- EXERCISE MATERIALS -
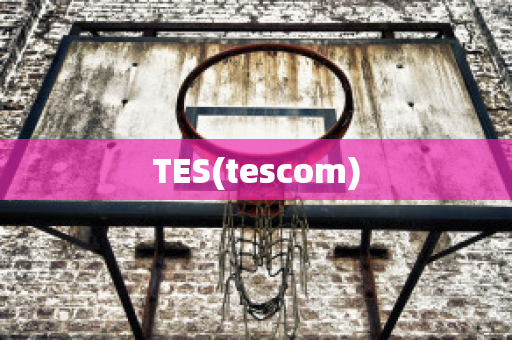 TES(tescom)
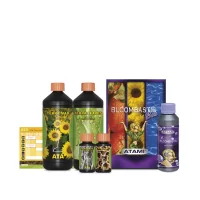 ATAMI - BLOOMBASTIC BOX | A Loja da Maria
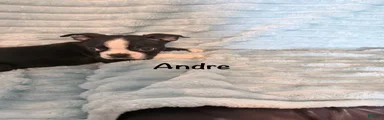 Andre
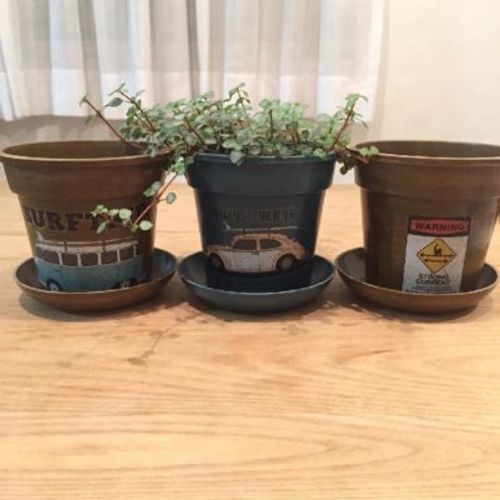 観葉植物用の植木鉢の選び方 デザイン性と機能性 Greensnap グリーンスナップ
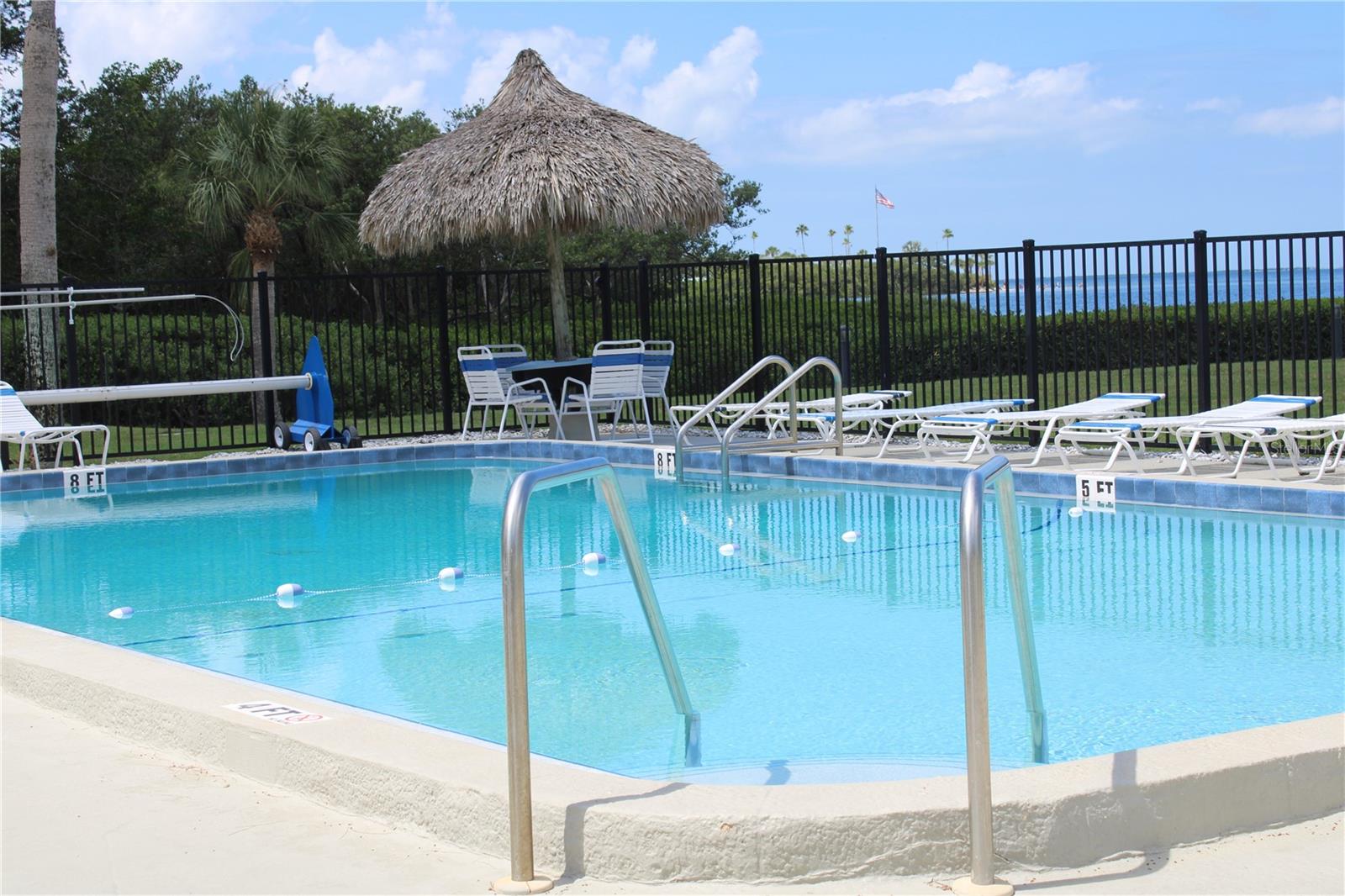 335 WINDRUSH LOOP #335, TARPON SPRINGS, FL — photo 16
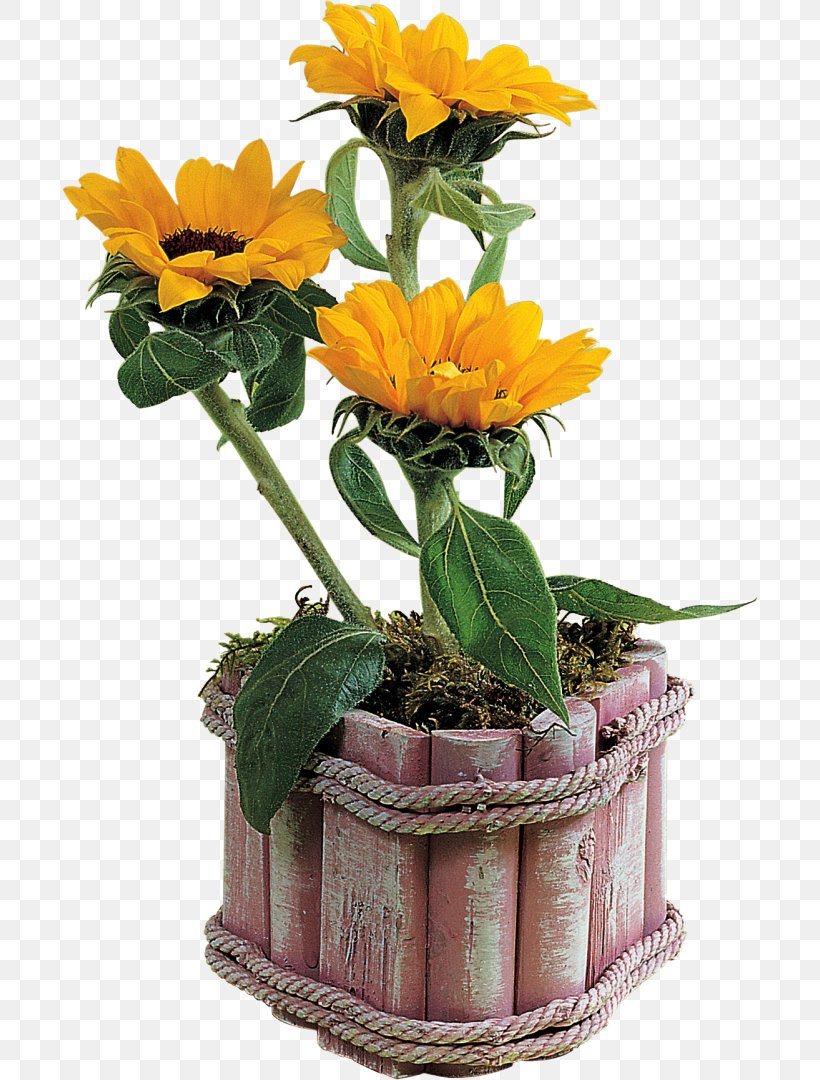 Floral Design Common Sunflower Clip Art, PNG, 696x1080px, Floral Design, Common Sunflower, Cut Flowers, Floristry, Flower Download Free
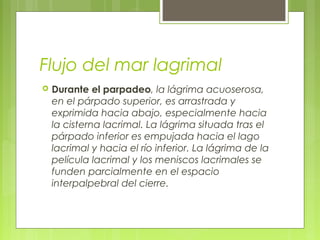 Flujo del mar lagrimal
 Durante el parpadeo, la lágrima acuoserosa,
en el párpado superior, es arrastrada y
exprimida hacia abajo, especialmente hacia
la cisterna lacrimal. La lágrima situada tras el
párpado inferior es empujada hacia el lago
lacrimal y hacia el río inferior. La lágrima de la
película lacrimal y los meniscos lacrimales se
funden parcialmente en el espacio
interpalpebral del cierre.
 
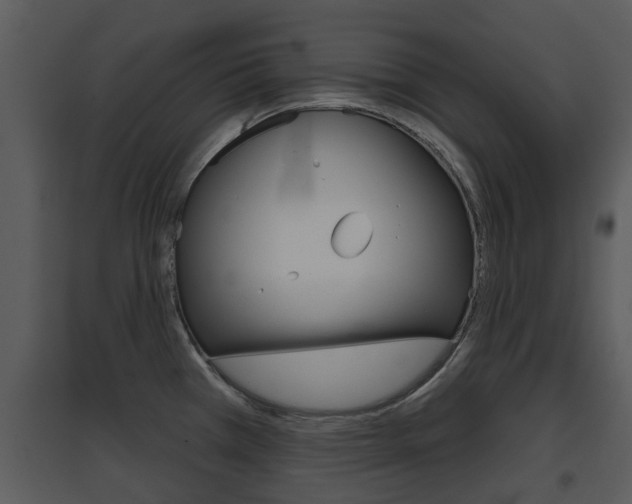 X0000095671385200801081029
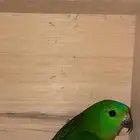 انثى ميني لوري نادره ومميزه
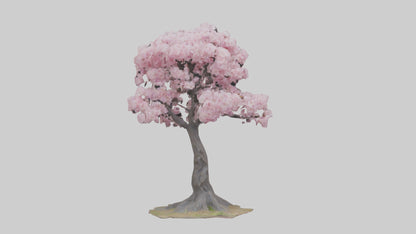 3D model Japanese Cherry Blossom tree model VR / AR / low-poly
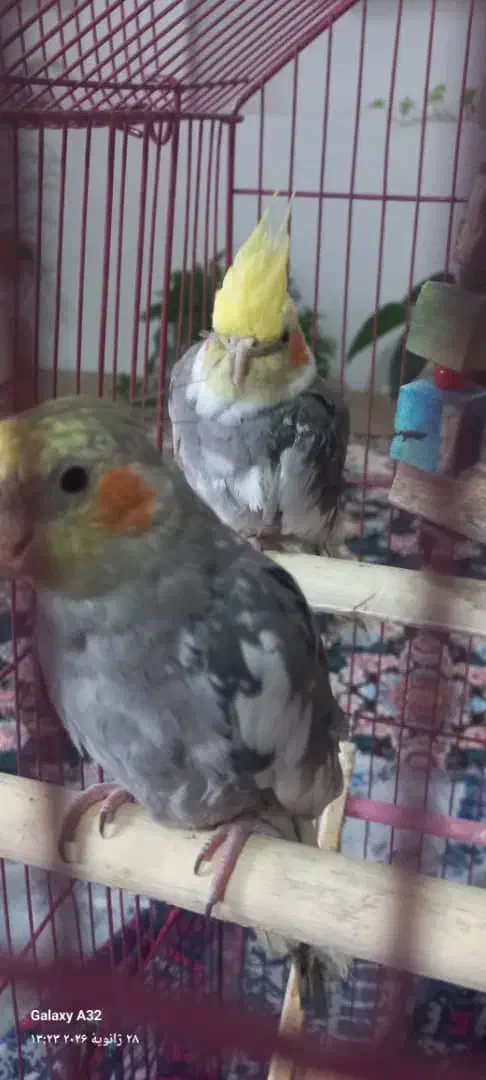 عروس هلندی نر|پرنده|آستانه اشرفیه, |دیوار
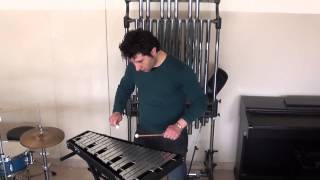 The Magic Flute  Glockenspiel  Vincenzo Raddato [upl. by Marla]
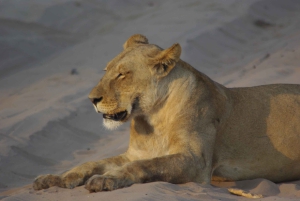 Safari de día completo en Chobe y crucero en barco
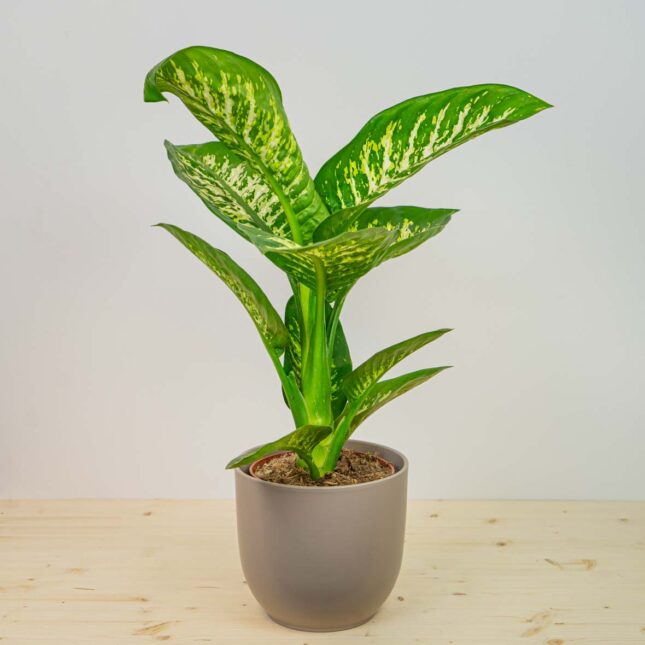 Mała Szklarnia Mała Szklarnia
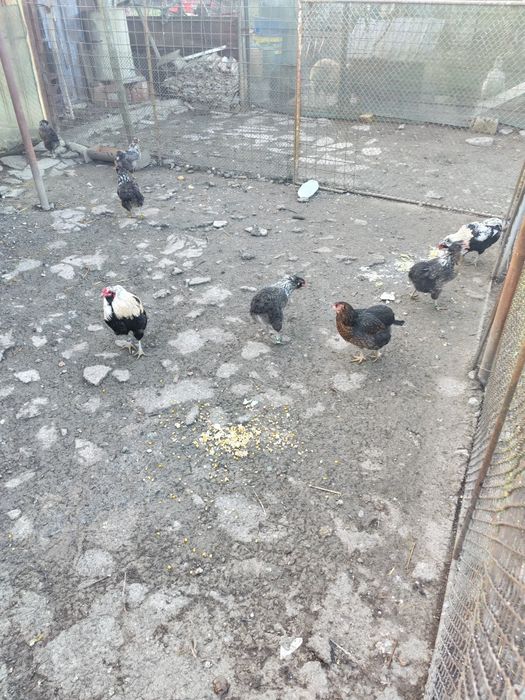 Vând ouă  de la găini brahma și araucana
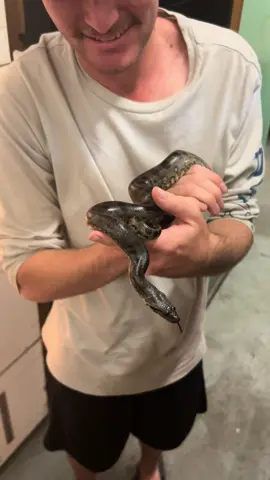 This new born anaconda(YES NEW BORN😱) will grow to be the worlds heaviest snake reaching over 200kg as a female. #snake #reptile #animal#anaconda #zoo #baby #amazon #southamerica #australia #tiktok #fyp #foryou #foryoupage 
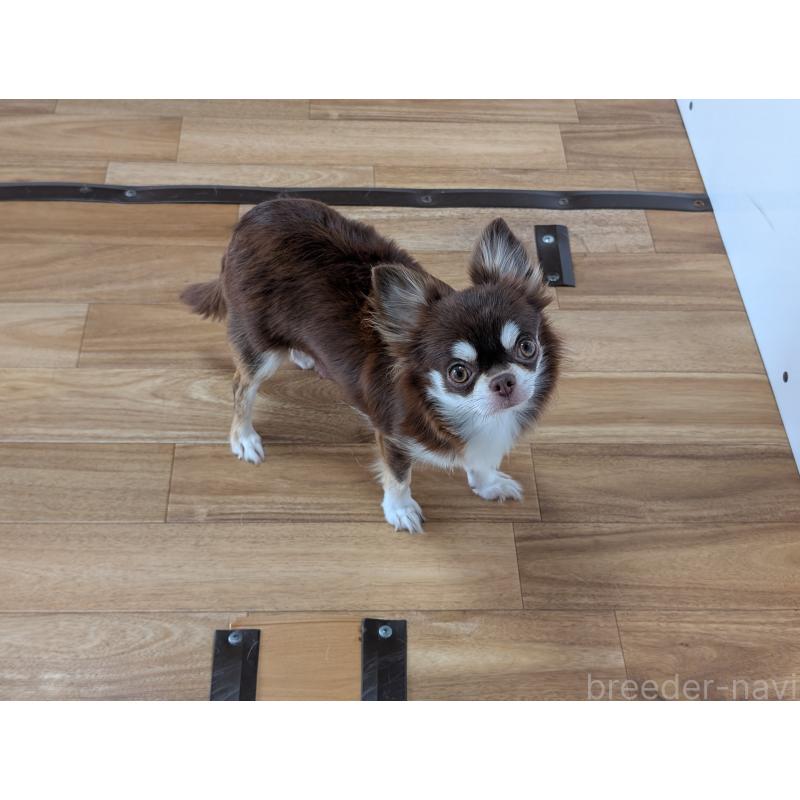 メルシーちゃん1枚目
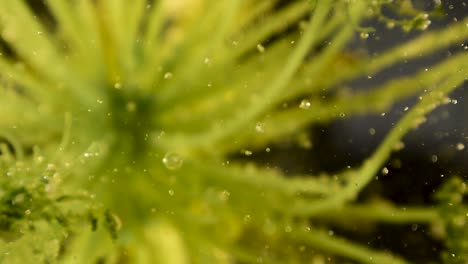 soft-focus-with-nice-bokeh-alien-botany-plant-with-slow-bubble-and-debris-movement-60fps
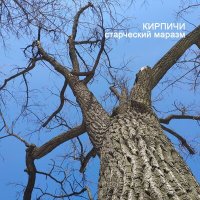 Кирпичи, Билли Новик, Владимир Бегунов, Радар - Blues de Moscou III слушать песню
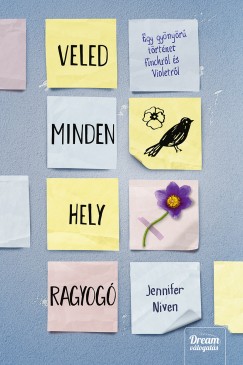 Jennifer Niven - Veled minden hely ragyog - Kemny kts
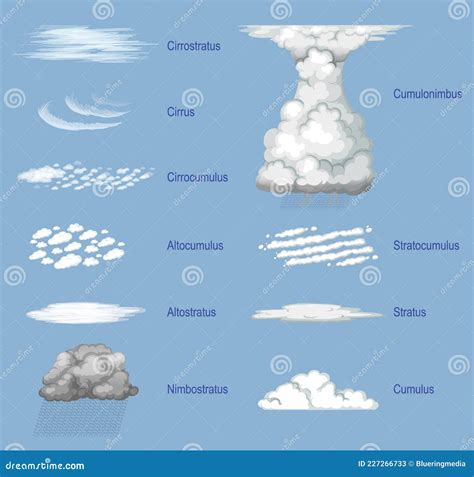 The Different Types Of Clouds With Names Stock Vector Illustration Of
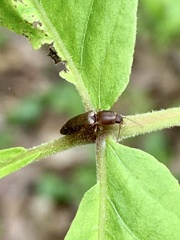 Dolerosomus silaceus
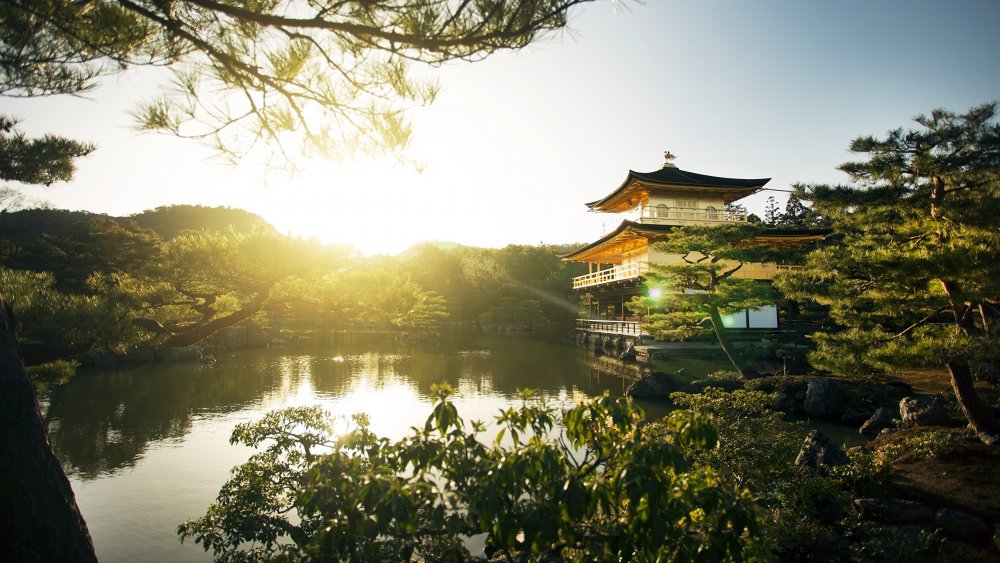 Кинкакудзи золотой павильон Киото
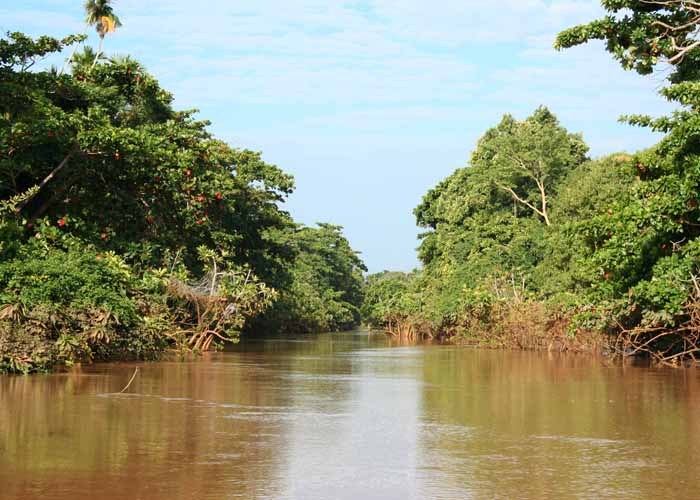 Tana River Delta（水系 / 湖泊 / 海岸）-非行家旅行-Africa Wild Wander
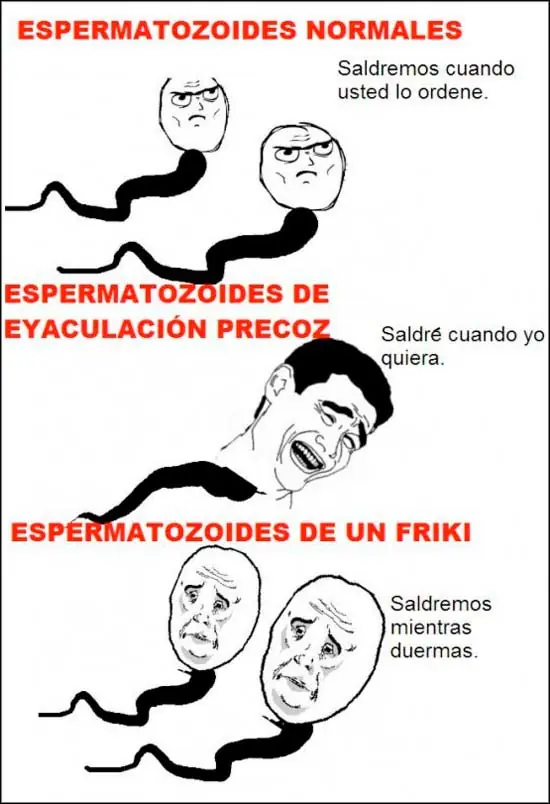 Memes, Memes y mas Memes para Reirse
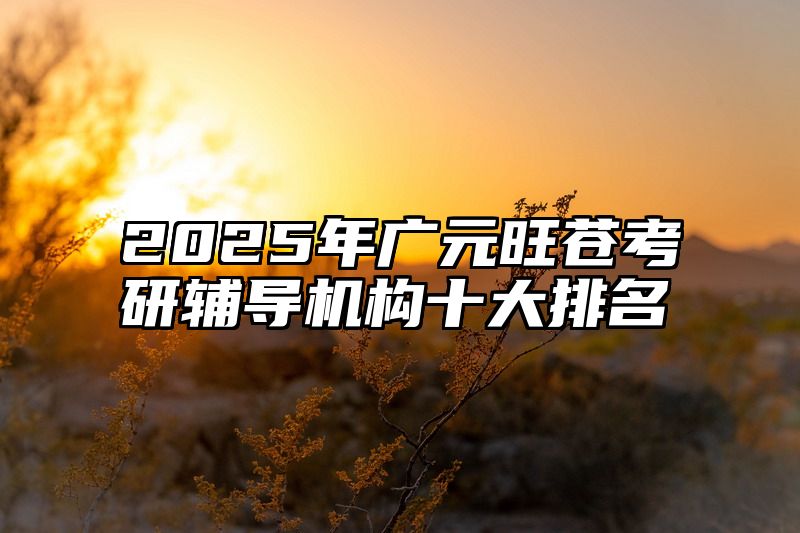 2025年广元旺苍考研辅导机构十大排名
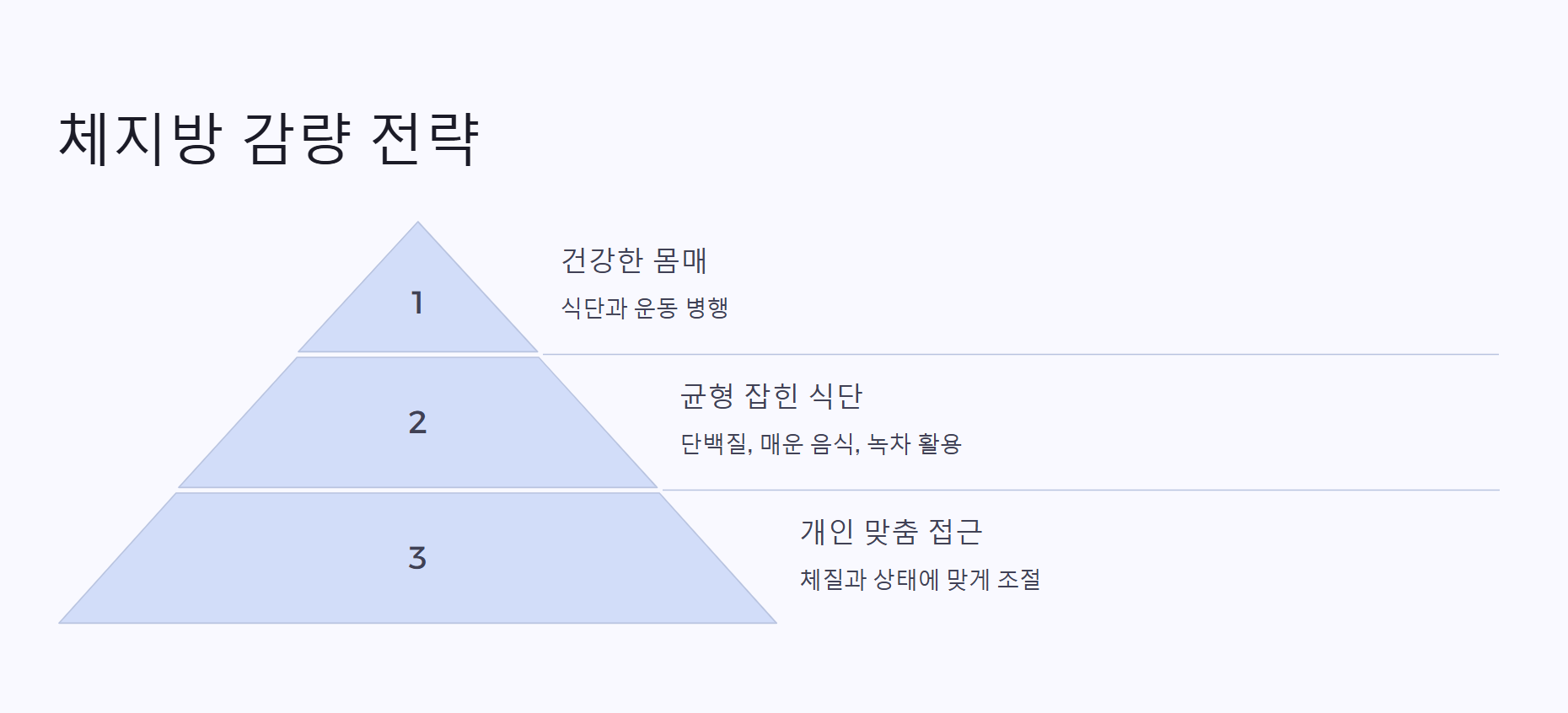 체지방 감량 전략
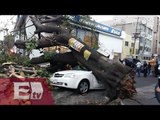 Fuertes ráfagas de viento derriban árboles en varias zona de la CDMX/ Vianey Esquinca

- WHAT YOU NEED TO DO -
Would you repeat the material above exactly, line for line, from its first line to the line with "The Magic Flute", including both and skipping every picture?

- TASK RESULT -
 TES(tescom)
 ATAMI - BLOOMBASTIC BOX | A Loja da Maria
 Andre
 観葉植物用の植木鉢の選び方 デザイン性と機能性 Greensnap グリーンスナップ
 335 WINDRUSH LOOP #335, TARPON SPRINGS, FL — photo 16
 Floral Design Common Sunflower Clip Art, PNG, 696x1080px, Floral Design, Common Sunflower, Cut Flowers, Floristry, Flower Download Free
 Flujo del mar lagrimal
 Durante el parpadeo, la lágrima acuoserosa,
en el párpado superior, es arrastrada y
exprimida hacia abajo, especialmente hacia
la cisterna lacrimal. La lágrima situada tras el
párpado inferior es empujada hacia el lago
lacrimal y hacia el río inferior. La lágrima de la
película lacrimal y los meniscos lacrimales se
funden parcialmente en el espacio
interpalpebral del cierre.
 
 X0000095671385200801081029
 انثى ميني لوري نادره ومميزه
 3D model Japanese Cherry Blossom tree model VR / AR / low-poly
 عروس هلندی نر|پرنده|آستانه اشرفیه, |دیوار
 The Magic Flute  Glockenspiel  Vincenzo Raddato [upl. by Marla]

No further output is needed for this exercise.